Я подхожу к Добрыне, и говорю ему:

— Добрыня, теперь ты мой десятник. Поэтому принимай десяток и готовься к тренировке.

Добрыня кивает, и я вижу, что в его глазах появилась искорка азарта. Вот это уже хорошо. Он любит соревноваться.

— Ну что ж, — говорю я, обращаясь ко всем мужикам. — Пора заканчивать с разговорами. Давайте разделимся на две десятки. Степа, твоя десятка становится слева от меня. Добрыня, твоя — справа.

Мужики начали суетиться, и вскоре два отряда выстроились передо мной. Поровну разделиться не получилось, так как многие захотели к Добрыне. Но я распихал так, как мне нужно было.

— Значит так, — говорю я. — Теперь вы будете тренироваться по-разному. Степан, ты будешь тренировать своих людей по моей методике — гимнастика, бег, растяжка и все прочее. Добрыня, а ты будешь тренировать своих людей по-своему — как умеешь. И посмотрим, чей отряд окажется сильнее и выносливее.

Мужики зашумели, кому-то моя идея понравилась, кому-то не очень. Но я не стал их слушать, а просто дал команду приступить к тренировке.

Степан повел свой отряд к поляне, где мы занимались утром. А Добрыня повел свой отряд в сторону леса. Что они там будут делать, я пока не знал, но думаю, что ничего плохого.
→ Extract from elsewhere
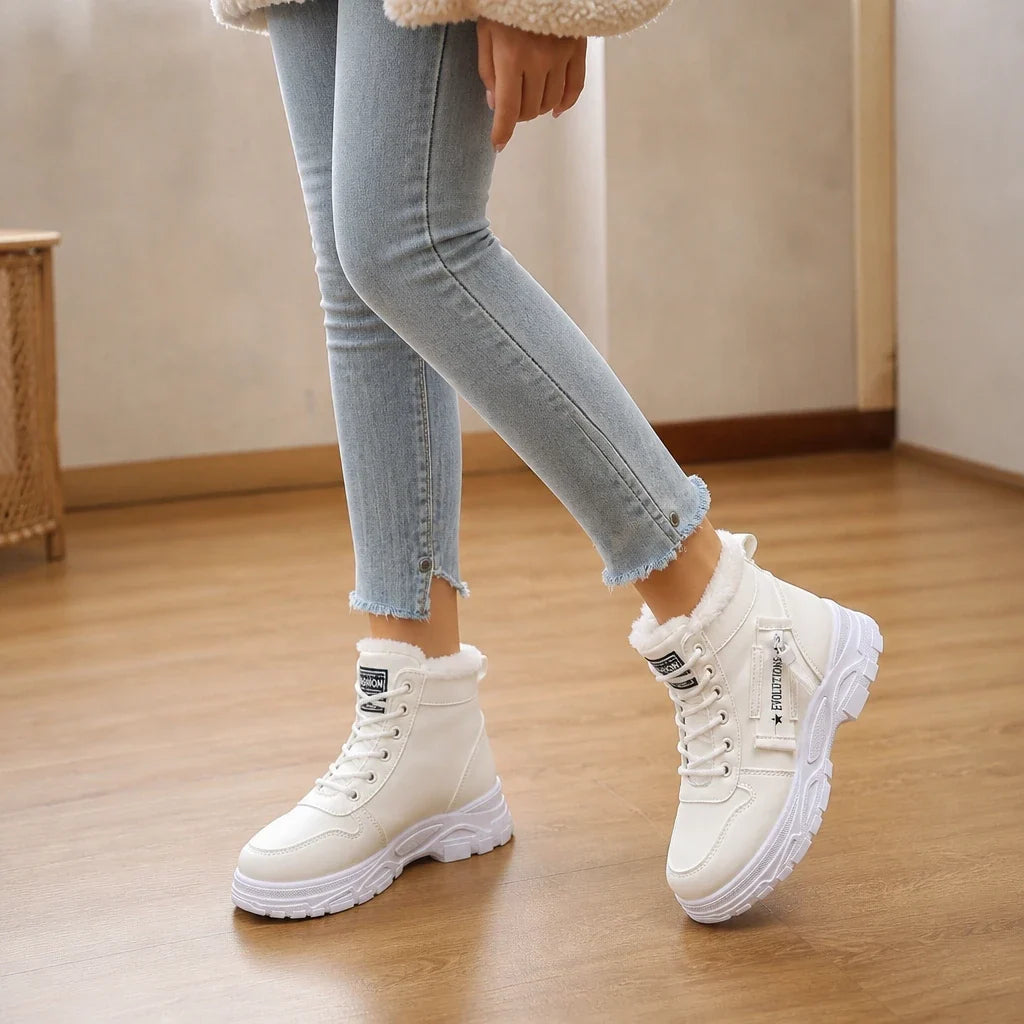 Veluna – Plush-Lined Winter Ankle Boots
Я смотрел на них, и думал о том, как же все-таки трудно управлять людьми. И вроде бы все делаешь правильно, а все равно что-то не так. То один недоволен, то другой.

Добрыня, конечно, выскочка и зазнайка. Но при этом — довольно умный мужик, и хороший воин. И я решил использовать его, как говорится, в своих целях. Пусть потешит свое самолюбие, а я тем временем буду делать то, что считаю нужным.

Разделив дружину на два отряда, я создал между ними небольшое соперничество. И это было сделано намеренно. Соперничество — отличный стимул для развития. И пусть они показывают, на что способны, а я буду смотреть и делать выводы.

После того как я разобрался с дружиной и распределил обязанности между Степаном и Добрыней, я почувствовал себя немного свободнее. Но это было обманчивое чувство. Дел у меня было невпроворот, просто теперь они немного изменились. Нужно было не только тренировать людей, но и развивать село, налаживать торговлю, думать о будущем.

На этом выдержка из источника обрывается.